__TASK BRIEF__. Quote the lines of the data below verbatim, beginning at the line that contains "Robe de soirée Bicotone Robe longue 204864" and ending at the last line, both included, and excluding pictures.

··· DATASET ENTRIES ···

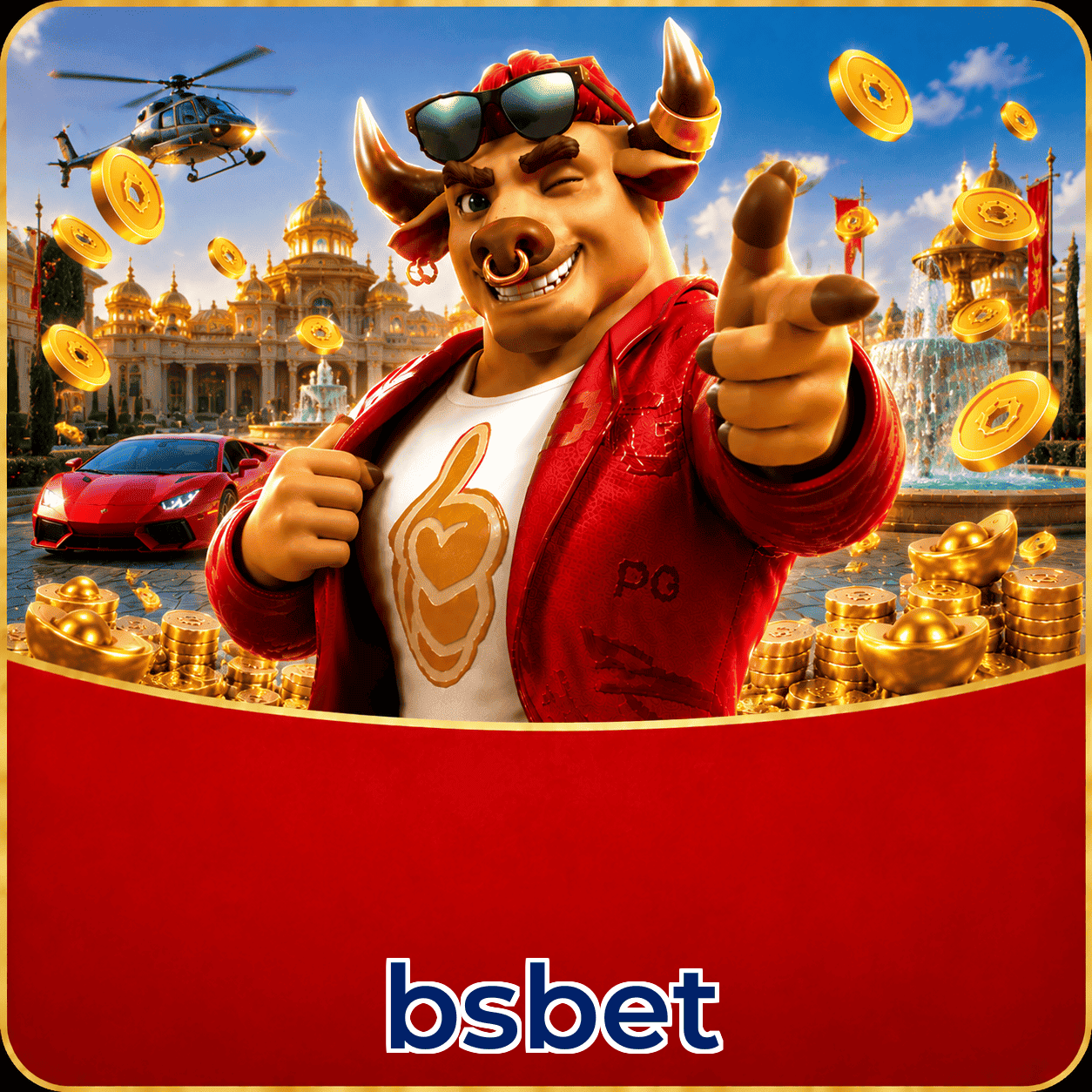 bsbet Pagamento Seguro SSL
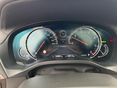BMW X3 2019/4 - 7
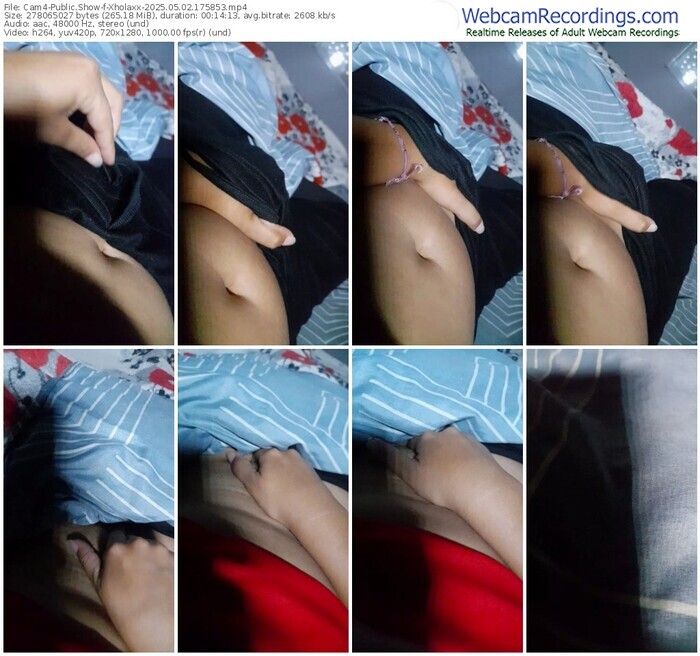cam4-xholaxx-05-02-2025-17-58-53
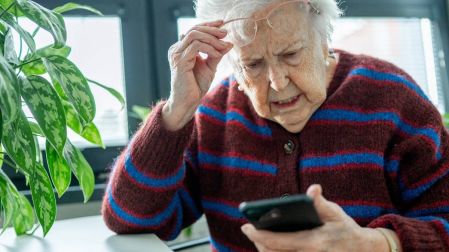 ¿Qué es la estafa del sí por teléfono? Expertos alertan sobre este fraude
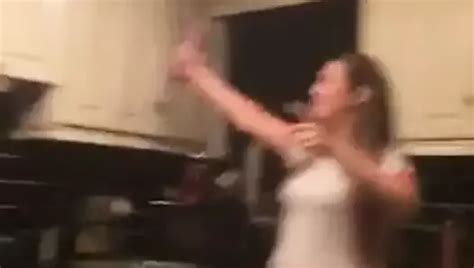 Irish Chav Nipple Tits Nippls Porn Video C Xhamster Xhamster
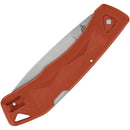 Gerber LST Ultra Lockback Orange
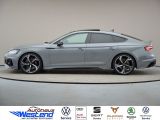 Audi RS 5 bei Reisemobile.expert - Abbildung (3 / 10)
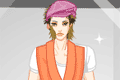 dream boy game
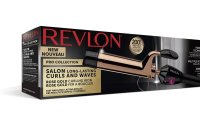 Revlon Lockenstab Curls & Waves Ø 32 mm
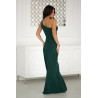 Robe de soirée Bicotone Robe longue 204864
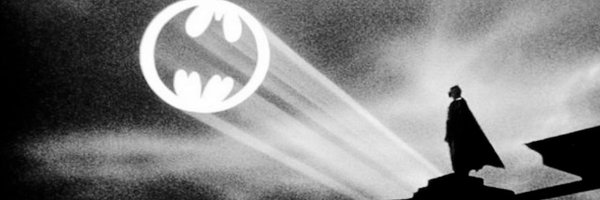 adon_shuler Profile Banner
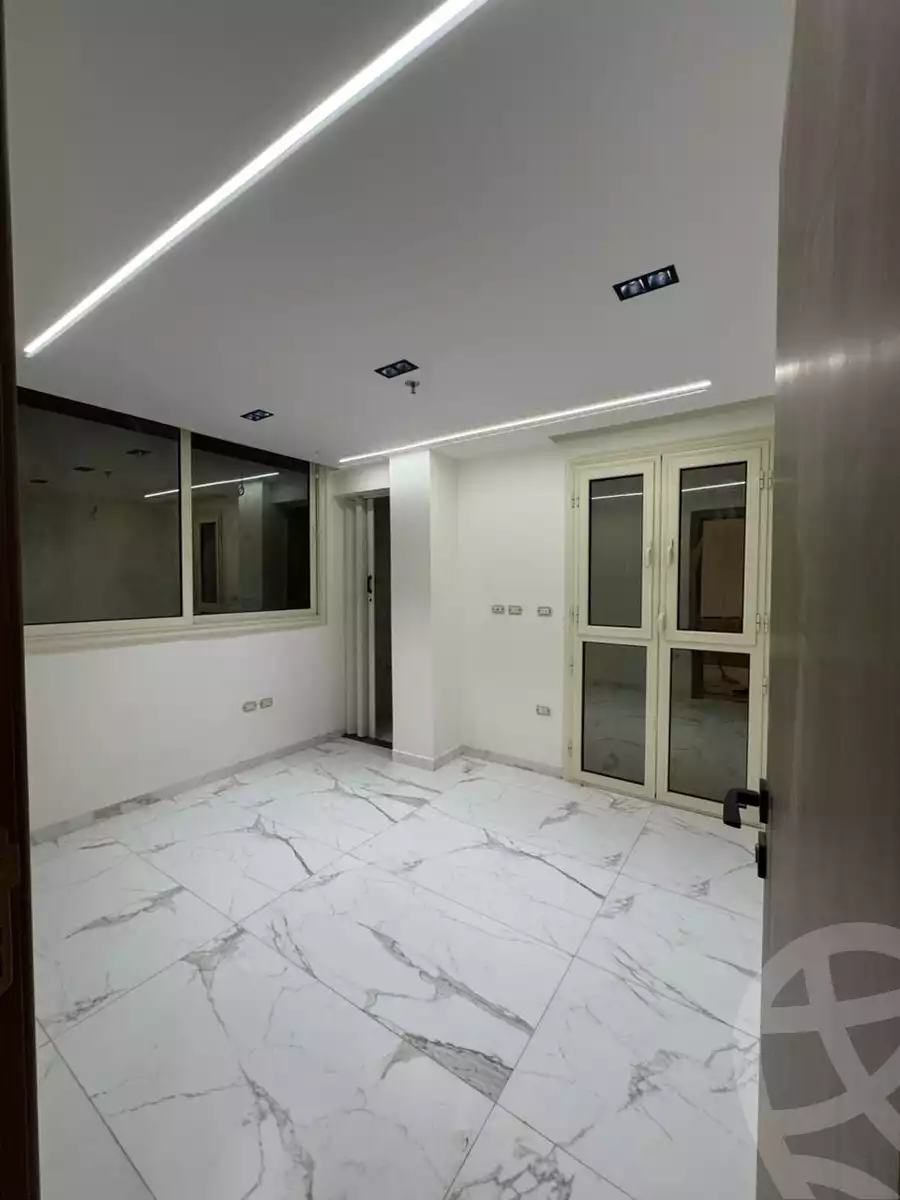 https://aqarmap.com.eg/en/listing/6124117-for-rent-cairo-el-maadi-autostrad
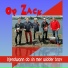 Op Zack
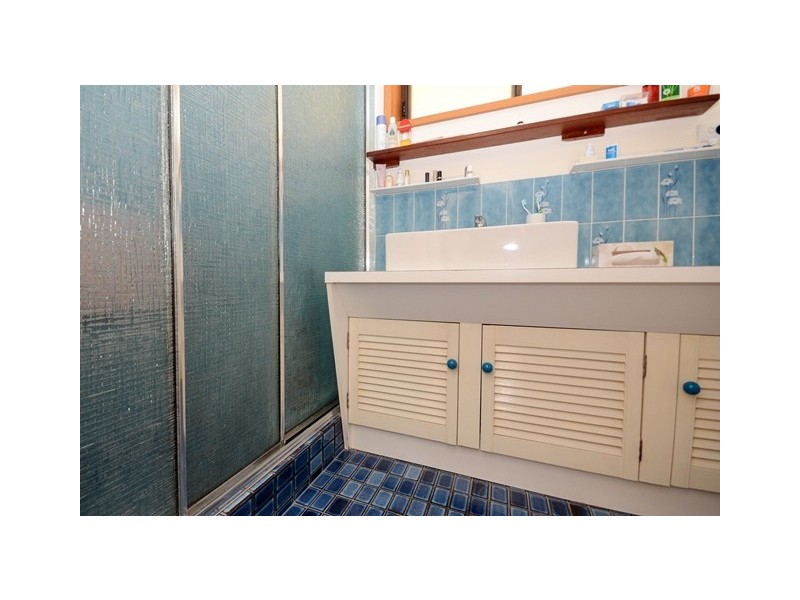 9 Merlinda Court, Wodonga VIC 3690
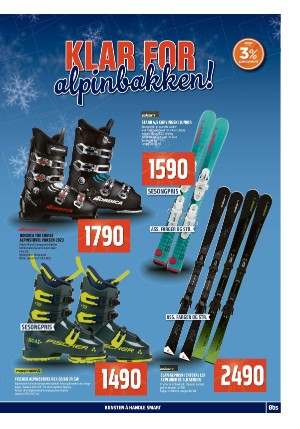 adresseavisen_bilag-20240115_000_00_00_019.pdf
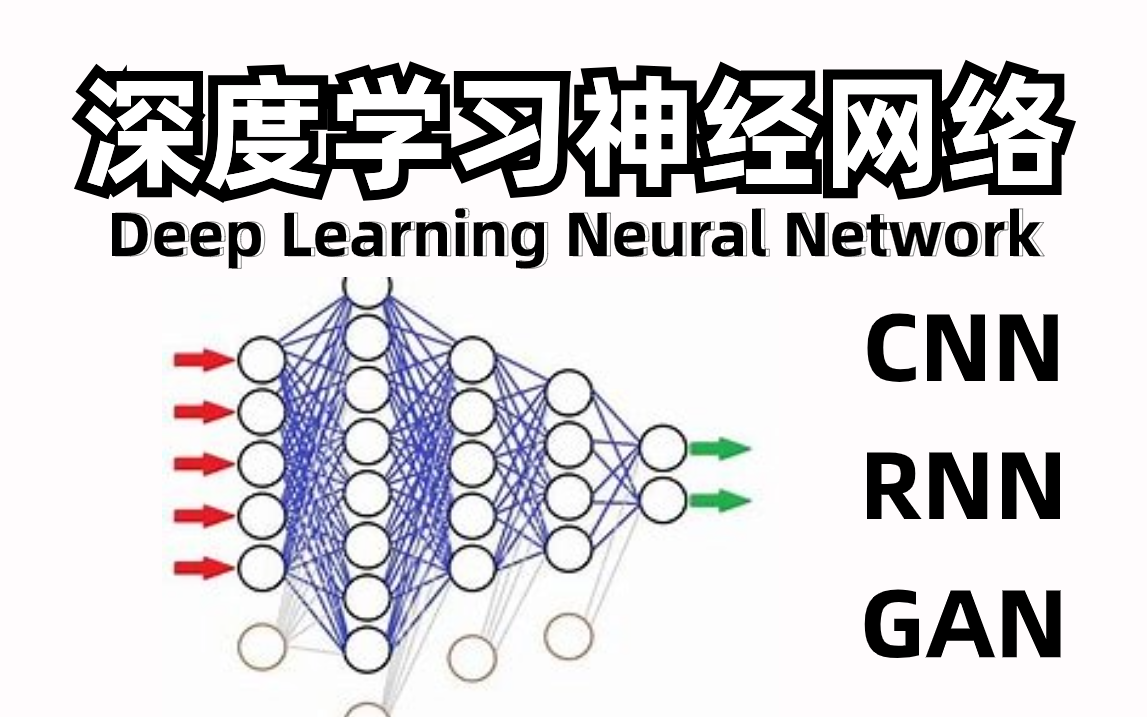 某r作品某S系列作品，深度解析与回顾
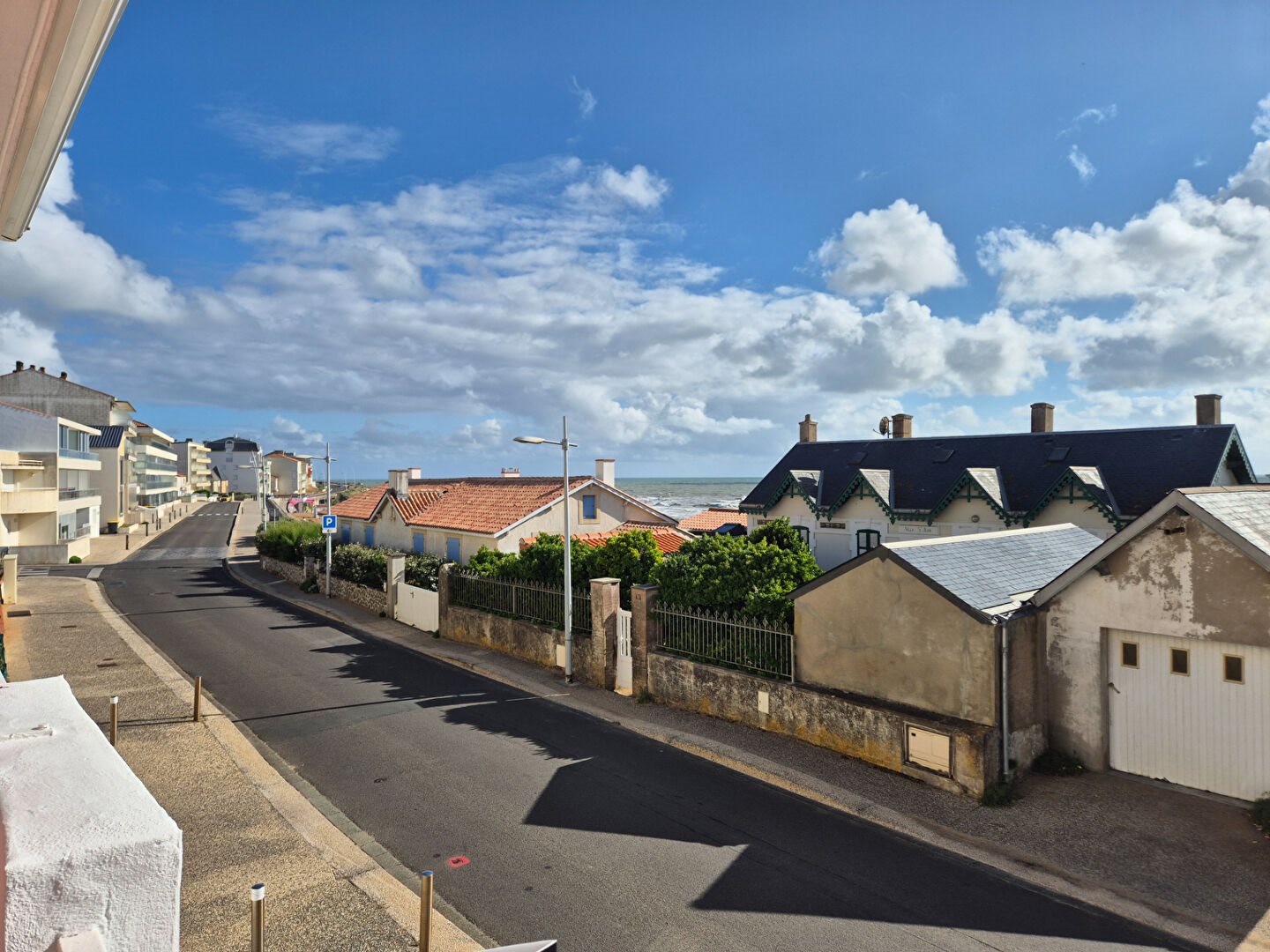 Maison à vendre, 304m², Saint-Hilaire-de-Riez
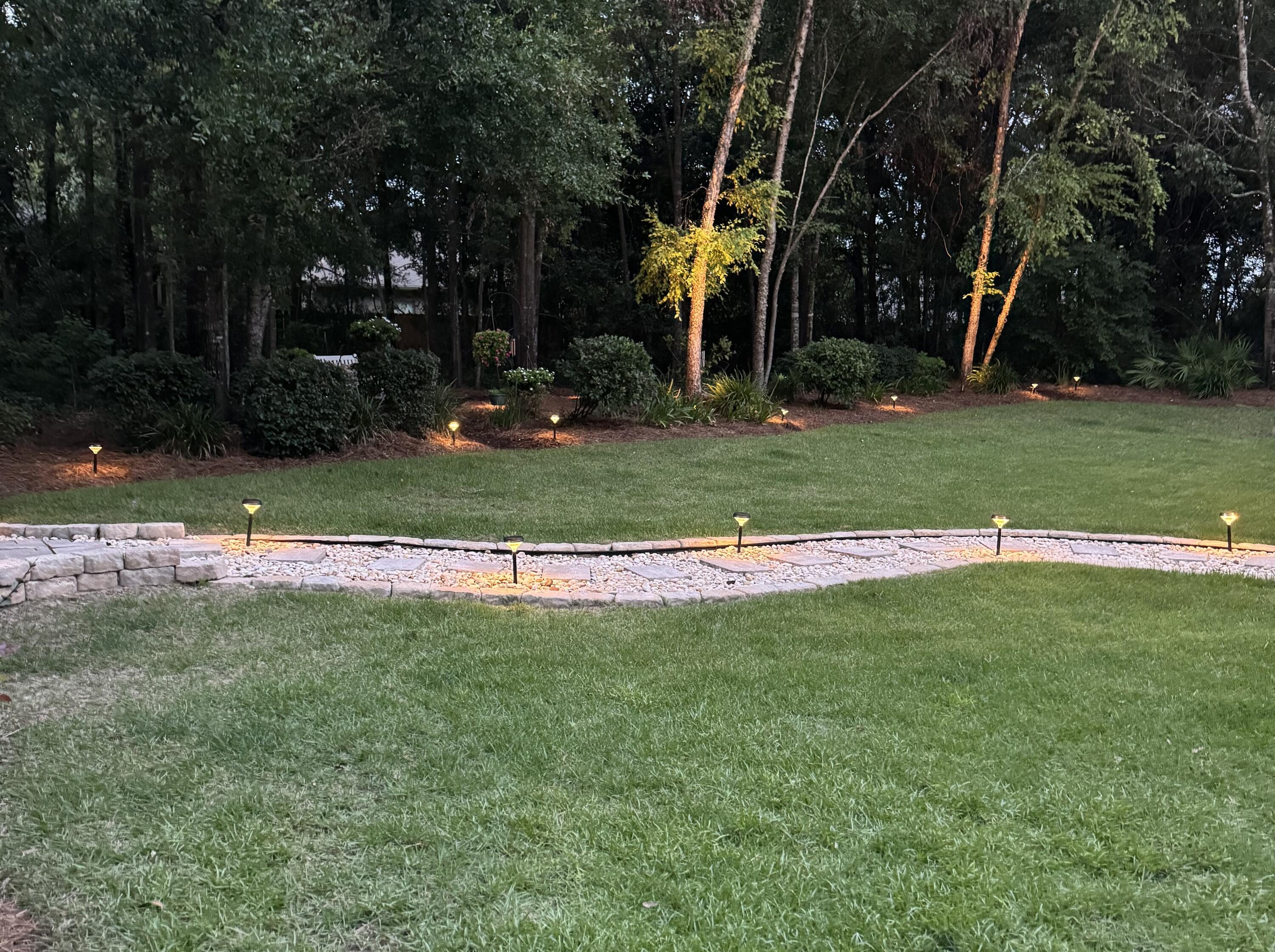 FOX VALLEY - Residential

···

__EXERCISE SOLUTION__.
 Robe de soirée Bicotone Robe longue 204864
 adon_shuler Profile Banner
 https://aqarmap.com.eg/en/listing/6124117-for-rent-cairo-el-maadi-autostrad
 Op Zack
 9 Merlinda Court, Wodonga VIC 3690
 adresseavisen_bilag-20240115_000_00_00_019.pdf
 某r作品某S系列作品，深度解析与回顾
 Maison à vendre, 304m², Saint-Hilaire-de-Riez
 FOX VALLEY - Residential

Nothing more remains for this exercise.